I hadn't looked at the site you posted when i responded before. I read part of it and saved it.......thank you. I hadn't considered the reflectivity of the metal roof, just the material.....looks like a good deal.


----------



## Skydawggy (May 10, 2007)

FJRFencer said:


> My example. My roof will cost me $9500, I get a tax credit of 30% up to $1500 savings for the 09 year (TOTAL, I will do windows in 10 to claim the credit then)


Just to be clear, you cannot claim 30% on the roof in 2009 and then claim 30% on the windows in 2010. The total amount you could claim for both years is a maximum of $1500 regardless of the amount you spend or the fact you are having 2 qualifying products installed.


----------



## mikec (Jan 2, 2007)

*From Harveys website*

*2009/2010 Stimulus Bill*

The recent stimulus package enacted by the federal government includes provisions that increase tax credits for energy efficient improvements. There are many products that potentially qualify for these credits including Harvey windows and doors, Therma-Tru doors and Harvey Metal Roofing. 

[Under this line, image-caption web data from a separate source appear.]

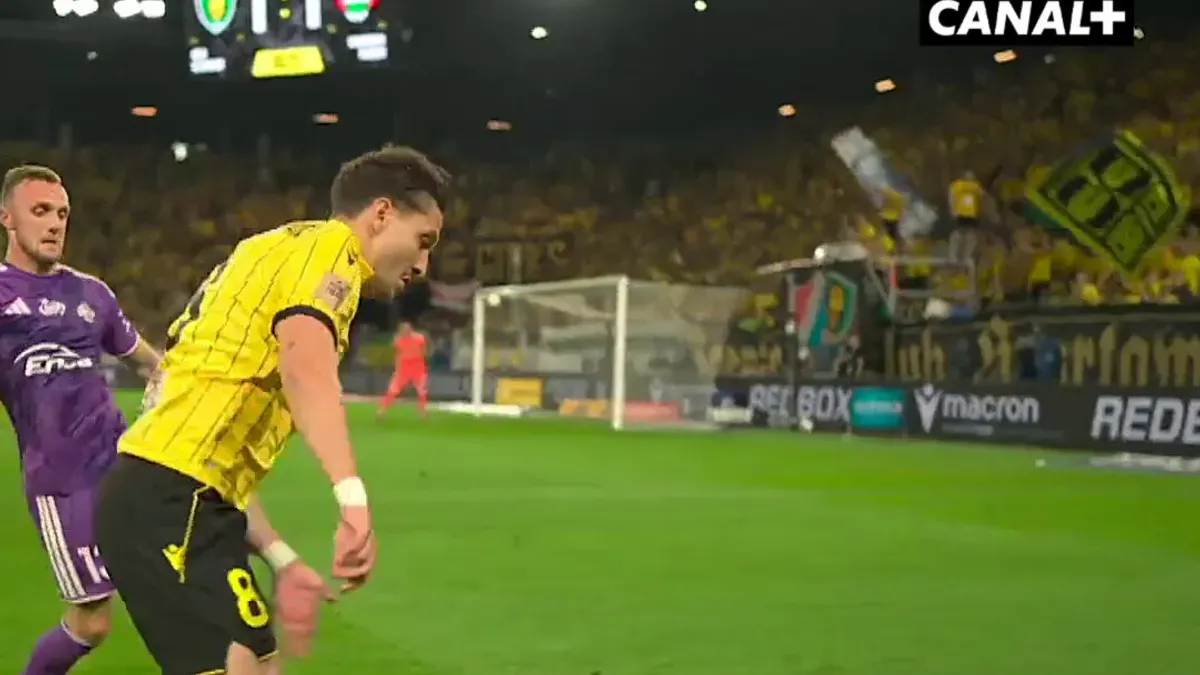 Ilya Shkurin błyszczy w barwach GKS-u Katowice! Świetna akcja napastnika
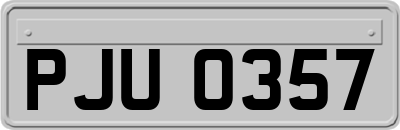 PJU0357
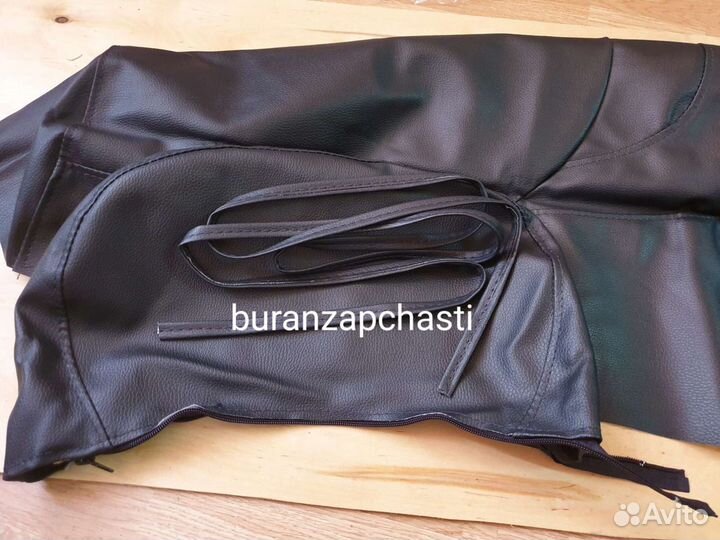 Чехол сиденья Буран ад,мд (длинный)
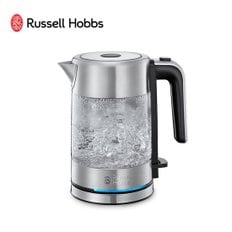 러셀홉스 컴팩트 홈 글라스 전기포트 RH-24191-70KR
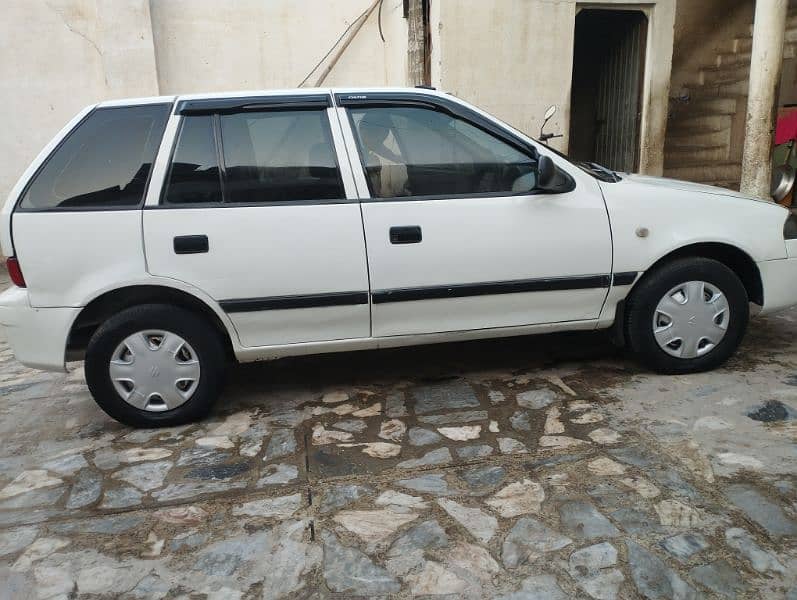 Suzuki Cultus VXR 2008 9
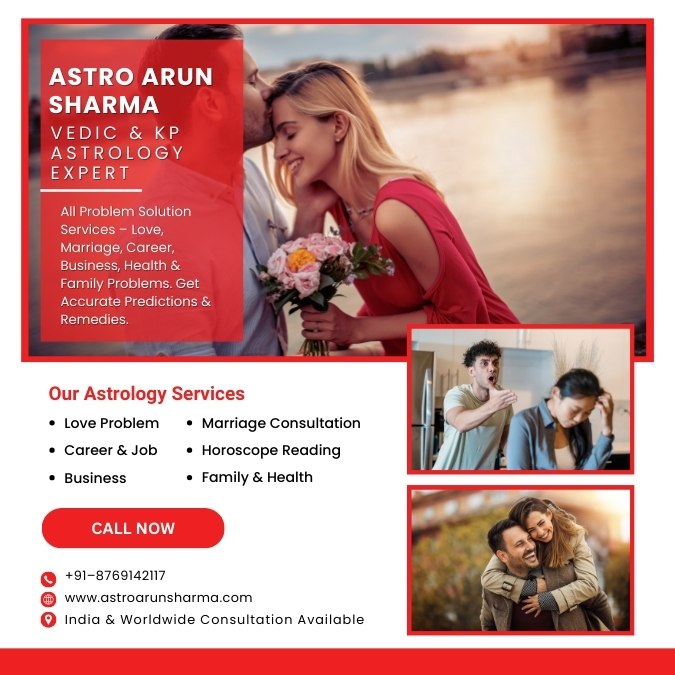 Get your ex-love back in Markham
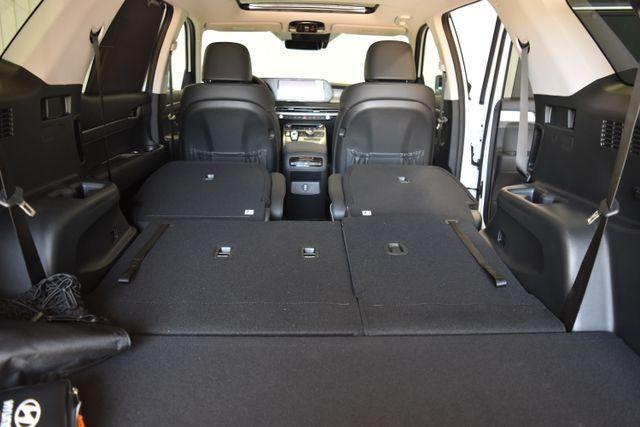 new 2025 Hyundai Palisade car, priced at $45,670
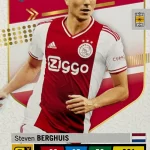 Steven Berghuis - AFC Ajax	 - Team Mates - #357
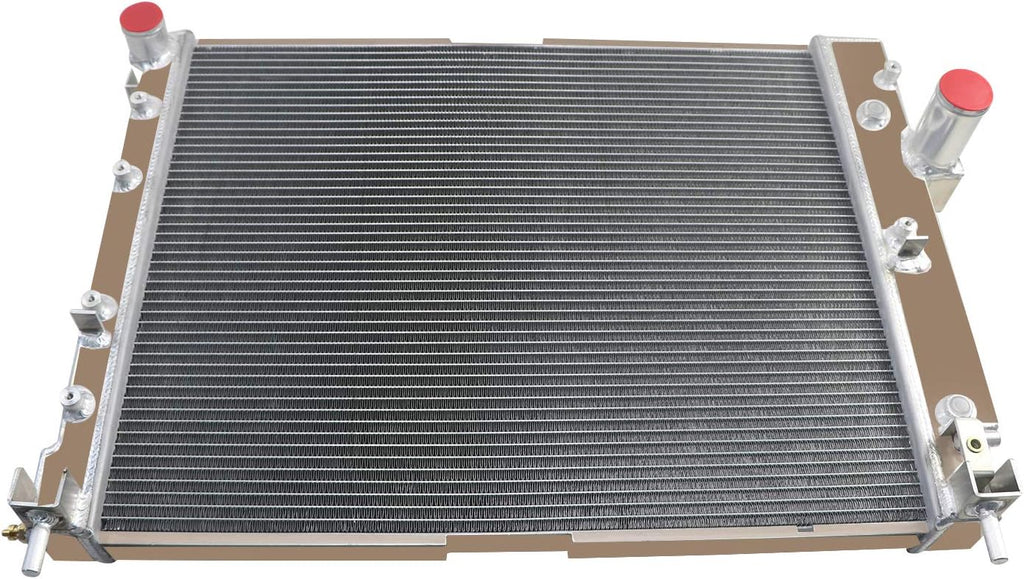 4 Row Radiator for Dodge Durango Dakota 3.7L 3.9L 5.2L 5.9L 2000-2004 O2498
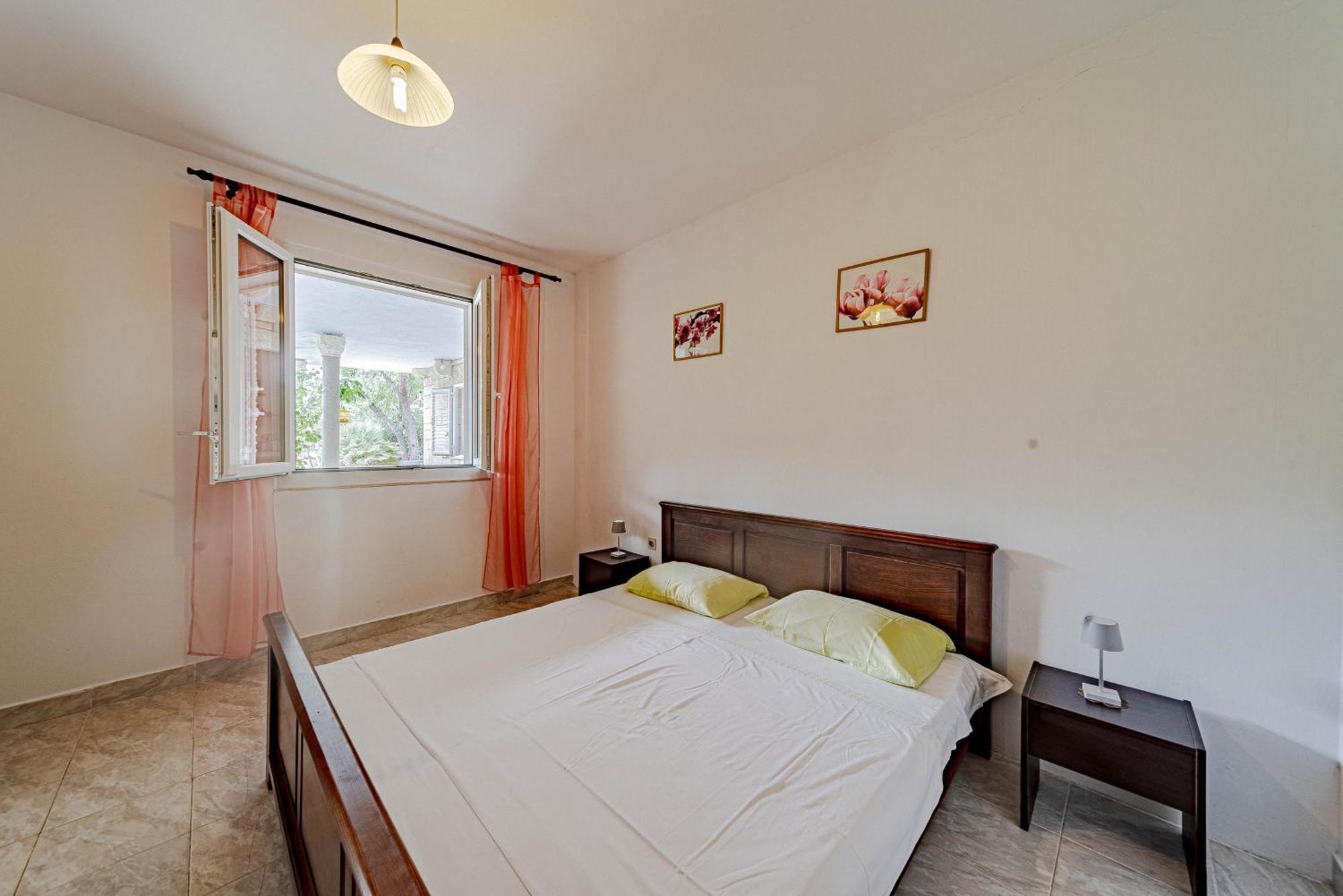 Seaside House For Families With Children Cove Rasohatica, Korcula - 4386 Lumbarda Luaran gambar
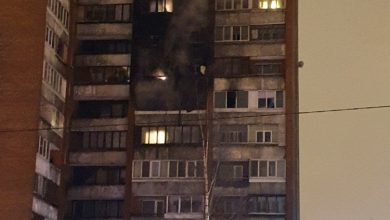 11 декабря в 17:39 поступило сообщение о пожаре по адресу: Красногвардейский район, пр. Ударников…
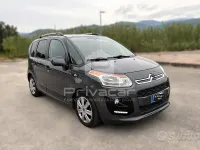 Usata Citroën C3 Picasso Exclusive 92 CV (67 kW) 2015 Grigio Monovolume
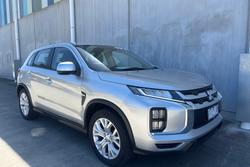 2020 Mitsubishi ASX ES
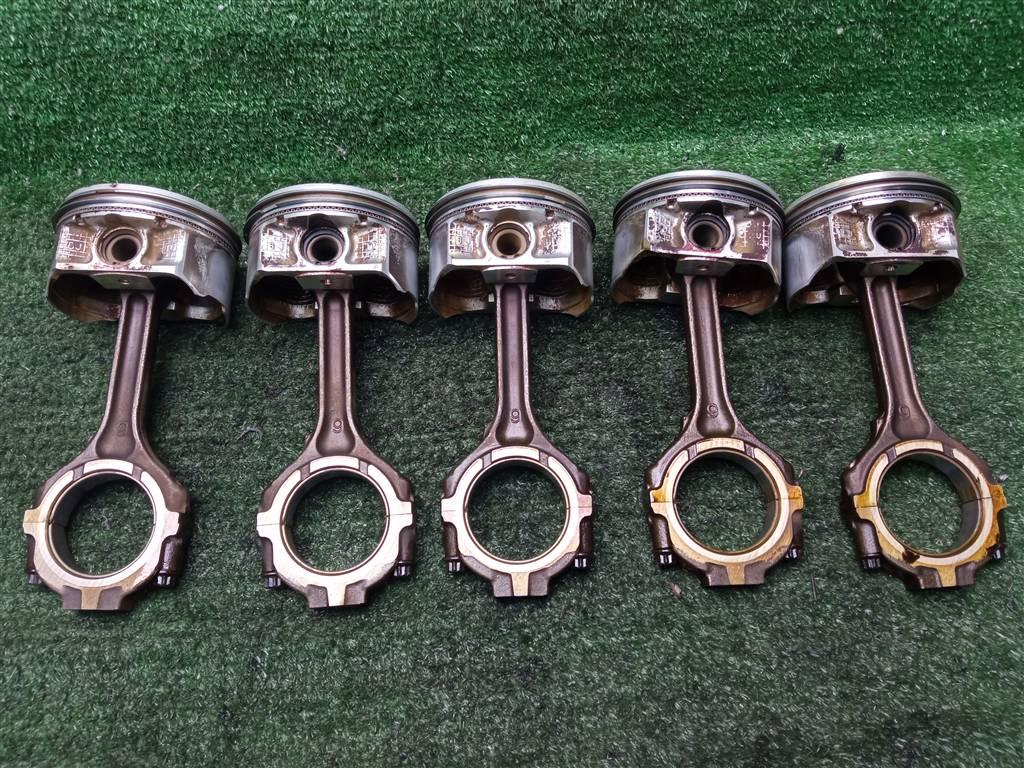 поршень Nissan Murano Z50 (2002—2008) 2005, 3.5i VQ35-DE, A20108J111 - фото №1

The amount of the credit to the homeowner is *30% of their product cost, up to $1500*, for all qualifying products installed in the homeowner's principal residence in 2009 and 2010.
The federal government requires that the homeowner keep an invoice that clearly identifies what qualifying products were purchased and the cost for each product not including labor. This can be provided by the contractor performing the work. As a wholesaler, Harvey Building Products is unable to provide product pricing to consumers.
Must have a U-value less than or equal to .30 AND a solar heat gain coefficient (SHGC) less than or equal to .30.
Manufacturers Certification, Contracts, invoices, and/or NFRC/Energy Star labels should be saved by the homeowner for future reference.
IRS form 5695 (available *here* later this year) will need to be submitted with the 2009 or 2010 tax return.
This tax credit is in addition to other Energy Star rebates that may be available in your area. Click here for more information.


----------



## tsb (Jul 6, 2008)

The tax credit includes equipment and the labor to install it so they don't need to know your costs. (30% up to $1,500 for BOTH 2009 and 2010)

I believe all they need is an itemized receipt showing equipment parts, serial numbers and total cost they paid including installation. They also need a letter from the manufacturer stating the equipment is eligible for the credit.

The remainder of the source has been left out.